CP: You’ve served within or supported the pharmaceutical and medical device industries in both Europe and the U.S. What do you see as some of the differences?
AM: There are differences in the health care system itself – mainly how you pay for health care delivery, what gets reimbursed, and what control in decision making a physician has in terms of technologies used. For example, the U.S. has good reimbursement for breast biopsies using MRI. In Europe, it’s mainly done with ultrasound because MRI isn’t paid for at all. So in the U.S., technologies are being used when insurance will reimburse for testing and therefore provide a financial benefit to the hospital or physician. In Europe, however, clinical data around a technology is very important in terms of benefit for patient or patient outcome. In Europe, there’s a higher likelihood that good technology, which is backed by good clinical data, will be used when all ducks line up, and the financial benefits to physicians may be less of an overriding issue.
CP: When it comes to launching a new technology, can you tell us more about some of the pros and cons for each geographic locale?

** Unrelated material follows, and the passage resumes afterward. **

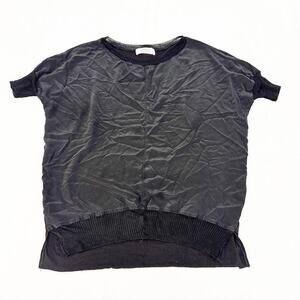 Bailey 44 Black Crew Neck Short Sleeve Top Sheer Trim Size M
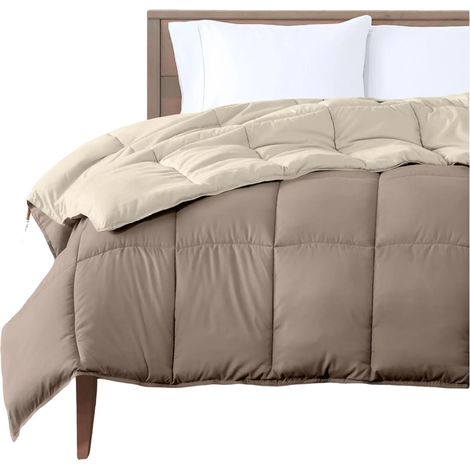 Couette réversible ultra-douce en duvet d'oie synthétique TiaGOC Taupe/Sable, King/Cal King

AM: The advantage of Europe for marketing a new technology is that physicians are free (in particular in the hospital setting) to choose their technology if they believe it has a benefit. In Germany, for example, there is a general pricing reimbursement system in hospitals through which the hospitals receive a lump sum payment for a patient with a certain diagnosis but are basically free to use any products and technologies as they see fit. The hurdle to get into market is less as long as you have good clinical data. In the U.S., however, physicians are more open to trying new technology even without clinical data, which can be good for companies. Physicians in the U.S. are also very open to use of electronic patient records (EPR); whereas in Europe, physicians are not as convinced that EPR makes a difference and have more concerns around patient privacy.
CP: What’s different today than five years ago in terms of health technology adoption?
AM: On both sides of the Atlantic, there’s an increase in need for good clinical data for adoption of new devices, in part because of financial pressures on the systems themselves. To successfully market your device, the importance of large-scale clinical data has grown if you want market penetration of your product. In the past, a small clinical observation was sometimes enough to get adoption of your device. Now physicians ask for clinical outcome data and payers and hospitals ask for pharmaco-economic data.
CP: What will be different five years in the future?
AM: The pendulum swings back and forth. The U.S. will realize that a lot of innovation in medical devices will go to Europe because of current restrictions within the FDA’s 510K process. If good examples of important medical breakthrough technologies emerge in Europe that America doesn’t have access to, I believe some new processes will evolve that will allow medical technologies to get approved quicker in the U.S. One such example is hearing implants. Countries like Austria and Germany had in the past instituted mandatory routine hearing tests for babies, and, if needed, paid routinely for hearing implants while the children were still quite young. As a result, most educational facilities for children with hearing disabilities in Austria and Germany actually closed since implanted children undergo an almost normal linguistic development. In the U.S., hearing implants aren’t yet available as widely because they are seen as expensive for the healthcare system and by payers, even if they save more than their share of costs down the road by removing special educational requirements. If this continues, the industry should lobby to politicians and changes may occur in the regulatory process. Then, hearing implants will likely be made more widely available. By the way, the European policy for early hearing tests and hearing implants produced a market leader in hearing implants that is located in Austria.
There are important insights here, especially the need to track the level of clinical research attached to a product as it’s introduced to the E.U. market. It’s also important to note how receptive the European medical community is to new technologies introduced from the U.S. We’ll continue to focus on this important topic, and to share additional insights from Dr. Muehler and our second advisor, Dr. Mills.
We welcome your thoughts on the importance of clinical data in selling medical technologies and how the pendulum of restrictions continues to swing. Where do you think we are now in the U.S. as far as restrictions and our ability to sell in the E.U.? Share your thoughts below.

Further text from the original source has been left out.